Image credit:Rock Paper Shotgun

The Steam Deck now lets you do low-power, screen-off downloads, finally

Another SteamOS power play

· Rock Paper Shotgun

In 'Yeahhh, probably should have had that already' news, the Steam Deck and Steam Deck OLED are getting a new low-power mode that will let the handheld PCs continue any active downloads with the display switched off. It’s part of a SteamOS update that’s available right now on the Beta and Preview channels, at last closing a longstanding feature gap that’s had us all downloading games to our Decks with the screens chewing up precious battery life. Like savages.

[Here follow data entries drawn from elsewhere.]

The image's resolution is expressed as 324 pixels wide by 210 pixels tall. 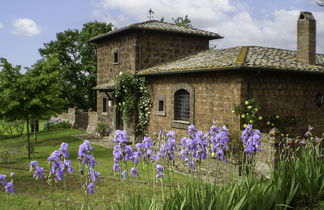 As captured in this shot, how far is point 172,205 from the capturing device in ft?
12.3

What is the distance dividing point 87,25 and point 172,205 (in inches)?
1200

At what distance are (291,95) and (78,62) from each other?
79.4 feet

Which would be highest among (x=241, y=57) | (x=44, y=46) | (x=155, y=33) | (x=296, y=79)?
(x=44, y=46)

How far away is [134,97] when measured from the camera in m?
16.8

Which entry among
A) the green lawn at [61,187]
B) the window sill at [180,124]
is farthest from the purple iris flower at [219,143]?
the window sill at [180,124]

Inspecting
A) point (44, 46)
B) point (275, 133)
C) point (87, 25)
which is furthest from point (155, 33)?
point (44, 46)

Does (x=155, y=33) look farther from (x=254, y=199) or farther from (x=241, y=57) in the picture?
(x=254, y=199)

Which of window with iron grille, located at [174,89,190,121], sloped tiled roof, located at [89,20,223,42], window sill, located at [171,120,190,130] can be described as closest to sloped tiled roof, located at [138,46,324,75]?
window with iron grille, located at [174,89,190,121]

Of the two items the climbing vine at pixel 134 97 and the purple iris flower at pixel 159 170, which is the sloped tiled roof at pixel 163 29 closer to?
the climbing vine at pixel 134 97

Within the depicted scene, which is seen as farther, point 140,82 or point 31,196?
Answer: point 140,82

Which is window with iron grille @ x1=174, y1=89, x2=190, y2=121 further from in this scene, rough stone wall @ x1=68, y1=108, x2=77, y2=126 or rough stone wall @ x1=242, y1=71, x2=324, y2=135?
rough stone wall @ x1=68, y1=108, x2=77, y2=126

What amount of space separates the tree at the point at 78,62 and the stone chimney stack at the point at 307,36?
2047 cm

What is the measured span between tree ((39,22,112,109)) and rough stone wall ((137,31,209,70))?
48.1 ft

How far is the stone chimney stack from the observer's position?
13.5 meters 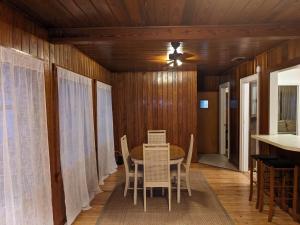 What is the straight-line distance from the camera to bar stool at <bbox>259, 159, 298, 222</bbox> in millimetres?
2973

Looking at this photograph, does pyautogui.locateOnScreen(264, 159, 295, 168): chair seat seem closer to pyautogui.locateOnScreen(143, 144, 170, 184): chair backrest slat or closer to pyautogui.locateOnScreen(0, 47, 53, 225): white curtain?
pyautogui.locateOnScreen(143, 144, 170, 184): chair backrest slat

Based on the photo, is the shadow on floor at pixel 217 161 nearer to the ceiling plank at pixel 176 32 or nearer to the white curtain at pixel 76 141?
the white curtain at pixel 76 141

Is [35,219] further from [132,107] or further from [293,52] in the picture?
[132,107]

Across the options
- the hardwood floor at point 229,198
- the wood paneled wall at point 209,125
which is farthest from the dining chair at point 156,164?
the wood paneled wall at point 209,125

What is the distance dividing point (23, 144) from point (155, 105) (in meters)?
4.24

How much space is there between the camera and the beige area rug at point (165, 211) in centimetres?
311

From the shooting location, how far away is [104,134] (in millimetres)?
4973

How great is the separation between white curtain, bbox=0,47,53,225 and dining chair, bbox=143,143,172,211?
1.30 meters

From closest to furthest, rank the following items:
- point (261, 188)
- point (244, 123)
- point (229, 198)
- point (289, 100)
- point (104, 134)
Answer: point (261, 188), point (229, 198), point (104, 134), point (244, 123), point (289, 100)

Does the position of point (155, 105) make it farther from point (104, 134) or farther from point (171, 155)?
point (171, 155)

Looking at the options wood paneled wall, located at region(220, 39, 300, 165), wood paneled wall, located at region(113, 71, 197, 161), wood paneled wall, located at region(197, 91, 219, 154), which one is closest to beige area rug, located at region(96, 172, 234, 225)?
wood paneled wall, located at region(220, 39, 300, 165)

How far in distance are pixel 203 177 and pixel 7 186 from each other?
388 centimetres

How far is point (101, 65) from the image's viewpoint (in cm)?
512

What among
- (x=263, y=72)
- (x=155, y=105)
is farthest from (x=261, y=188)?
(x=155, y=105)
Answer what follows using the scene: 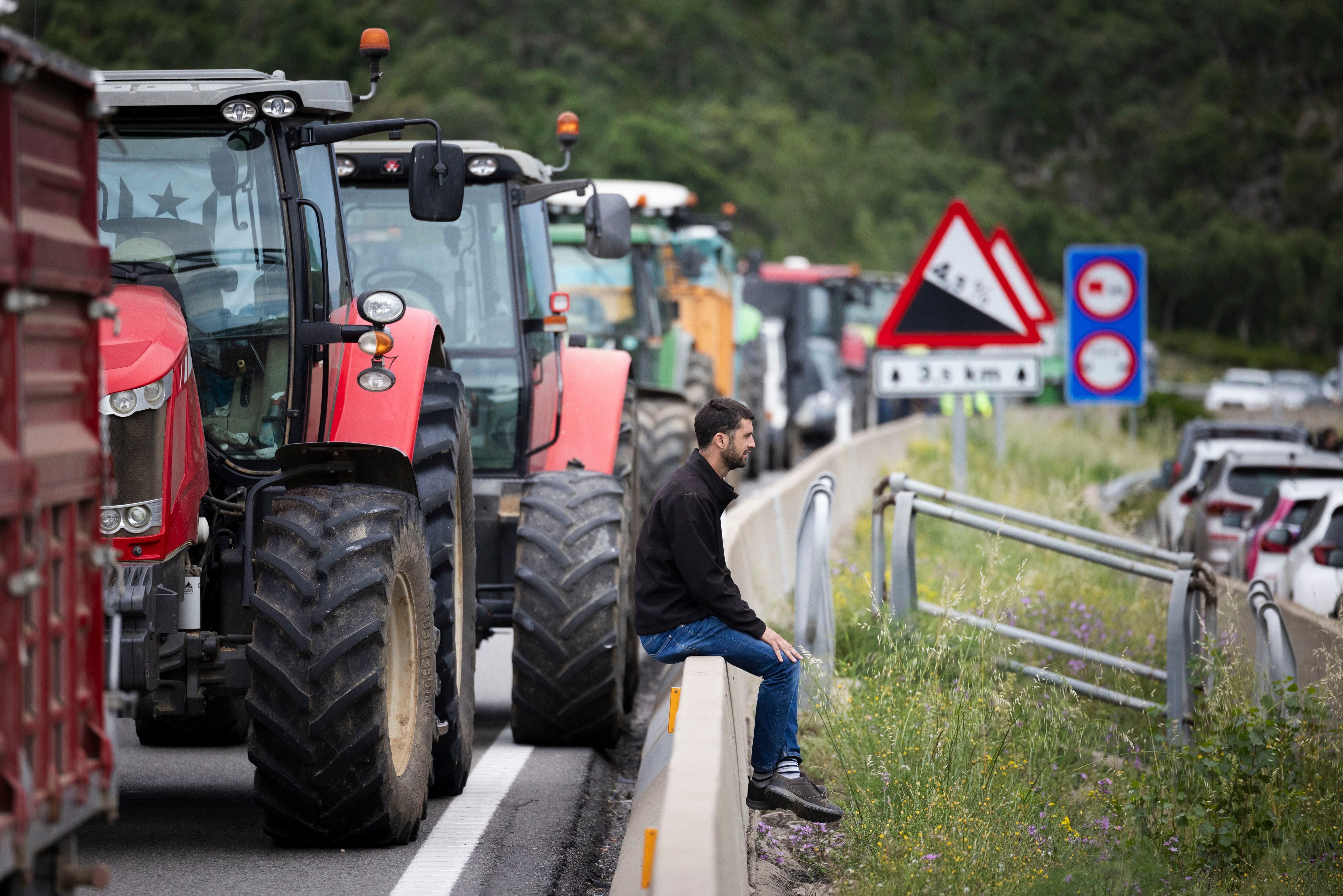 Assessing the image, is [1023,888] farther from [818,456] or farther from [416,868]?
[818,456]

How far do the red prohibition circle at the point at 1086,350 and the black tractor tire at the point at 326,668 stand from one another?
7.09 m

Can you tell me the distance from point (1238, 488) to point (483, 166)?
404 inches

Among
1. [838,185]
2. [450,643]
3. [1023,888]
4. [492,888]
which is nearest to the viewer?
[1023,888]

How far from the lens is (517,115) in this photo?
4306 inches

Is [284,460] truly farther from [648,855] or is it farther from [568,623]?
[648,855]

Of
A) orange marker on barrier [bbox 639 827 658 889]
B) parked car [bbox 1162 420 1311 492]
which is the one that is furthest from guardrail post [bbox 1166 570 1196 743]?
parked car [bbox 1162 420 1311 492]

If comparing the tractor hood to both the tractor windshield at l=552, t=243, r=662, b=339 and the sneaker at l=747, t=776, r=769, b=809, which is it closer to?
the sneaker at l=747, t=776, r=769, b=809

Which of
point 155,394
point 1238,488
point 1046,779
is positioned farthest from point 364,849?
point 1238,488

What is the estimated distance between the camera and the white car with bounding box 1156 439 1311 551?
60.2ft

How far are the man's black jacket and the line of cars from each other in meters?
4.35

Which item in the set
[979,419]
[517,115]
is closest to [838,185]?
[517,115]

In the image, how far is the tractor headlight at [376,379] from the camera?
6676 millimetres

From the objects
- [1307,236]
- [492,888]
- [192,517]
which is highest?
[1307,236]

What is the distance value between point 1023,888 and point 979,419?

Per Valve’s announcement post, you’ll be prompted to continue with display-off downloads when pressing the power button while an installation or update is in progress. The Deck will also enter this low-power mode after an idle timeout. You can check the download progress by pressing any button or, thanks to the internal gyroscopes, giving the resting Steam Deck a little nudge. Once the downloads finish, it’ll go enter sleep mode proper.

And that’s about it. While this addition is unlikely to be the difference-maker for anyone choosing between a SteamOS handheld or a Windows machine like the ROG Xbox Ally X, the absence of a low-power downloads mode has felt like an odd omission for the Steam Deck – a device that Valve have otherwise been very savvy about imbuing with the quality-of-life features enjoyed by, whisper it, consoles. Quick suspend/resume, simplified system and driver updates, a UI that isn’t hateful when navigating it with thumbsticks, all that good stuff.

My only complaint is that I, specifically, could have done with this update a few days earlier, after setting my own Deck to mass-update on glacial hotel Wi-Fi last week and having to leave the room convinced its humming display would either attract thieves or start a fire. It didn’t. But it could have. You don’t know.